Solve these differential equations

Solve the linear equation x ( dy(x))/( dx) - (x + 1) y(x) = -e^x (x^2 + 1):
Rewrite the equation:
( dy(x))/( dx) + ((-x - 1) y(x))/x = -(e^x (x^2 + 1))/x
Let μ(x) = e^( integral(-x - 1)/x dx) = e^(-x)/x

Multiply both sides by μ(x):
(e^(-x) ( dy(x))/( dx))/x + ((e^(-x) (-x - 1)) y(x))/x^2 = -(x^2 + 1)/x^2
Substitute (e^(-x) (-x - 1))/x^2 = ( d)/( dx)(e^(-x)/x):
(e^(-x) ( dy(x))/( dx))/x + ( d)/( dx)(e^(-x)/x) y(x) = -(x^2 + 1)/x^2
Apply the reverse product rule g ( df)/( dx) + f ( dg)/( dx) = ( d)/( dx)(f g) to the left-hand side:

( d)/( dx)((e^(-x) y(x))/x) = -(x^2 + 1)/x^2
Integrate both sides with respect to x:
 integral( d)/( dx)((e^(-x) y(x))/x) dx = integral-(x^2 + 1)/x^2 dx

Evaluate the integrals:
(e^(-x) y(x))/x = -x + 1/x + c_1, where c_1 is an arbitrary constant.
Divide both sides by μ(x) = e^(-x)/x:
Answer: |y(x) = e^x x (-x + 1/x + C1)

Solve the linear equation (y(x))/sqrt(x^2 + 1) + ( dy(x))/( dx) = 1:
Let μ(x) = e^( integral1/sqrt(x^2 + 1) dx) = e^(sinh^(-1)(x)).

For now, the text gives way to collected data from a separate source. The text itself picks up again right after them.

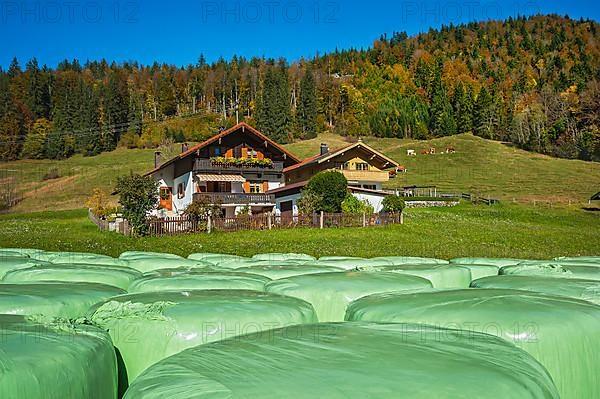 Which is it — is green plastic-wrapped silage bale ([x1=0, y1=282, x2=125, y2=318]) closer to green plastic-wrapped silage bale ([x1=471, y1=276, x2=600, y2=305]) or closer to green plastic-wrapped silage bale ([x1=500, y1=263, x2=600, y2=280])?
green plastic-wrapped silage bale ([x1=471, y1=276, x2=600, y2=305])

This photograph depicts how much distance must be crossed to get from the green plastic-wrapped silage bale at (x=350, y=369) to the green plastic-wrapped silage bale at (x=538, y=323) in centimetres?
34

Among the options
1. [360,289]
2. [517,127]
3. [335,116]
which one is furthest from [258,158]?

Multiply both sides by μ(x):
e^(sinh^(-1)(x)) ( dy(x))/( dx) + (e^(sinh^(-1)(x)) y(x))/sqrt(x^2 + 1) = e^(sinh^(-1)(x))

Substitute e^(sinh^(-1)(x))/sqrt(x^2 + 1) = ( d)/( dx)(e^(sinh^(-1)(x))):
e^(sinh^(-1)(x)) ( dy(x))/( dx) + ( d)/( dx)(e^(sinh^(-1)(x))) y(x) = e^(sinh^(-1)(x))

Apply the reverse product rule g ( df)/( dx) + f ( dg)/( dx) = ( d)/( dx)(f g) to the left-hand side:
( d)/( dx)(e^(sinh^(-1)(x)) y(x)) = e^(sinh^(-1)(x))

Integrate both sides with respect to x:
 integral( d)/( dx)(e^(sinh^(-1)(x)) y(x)) dx = integral e^(sinh^(-1)(x)) dx

Evaluate the integrals:
e^(sinh^(-1)(x)) y(x) = 1/2 (sinh^(-1)(x) + x (x + sqrt(x^2 + 1))) + c_1, where c_1 is an arbitrary constant.

Divide both sides by μ(x) = e^(sinh^(-1)(x)):
Answer: |y(x) = (1/2 (sinh^(-1)(x) + x (x + sqrt(x^2 + 1))) + C1)/e^(sinh^(-1)(x))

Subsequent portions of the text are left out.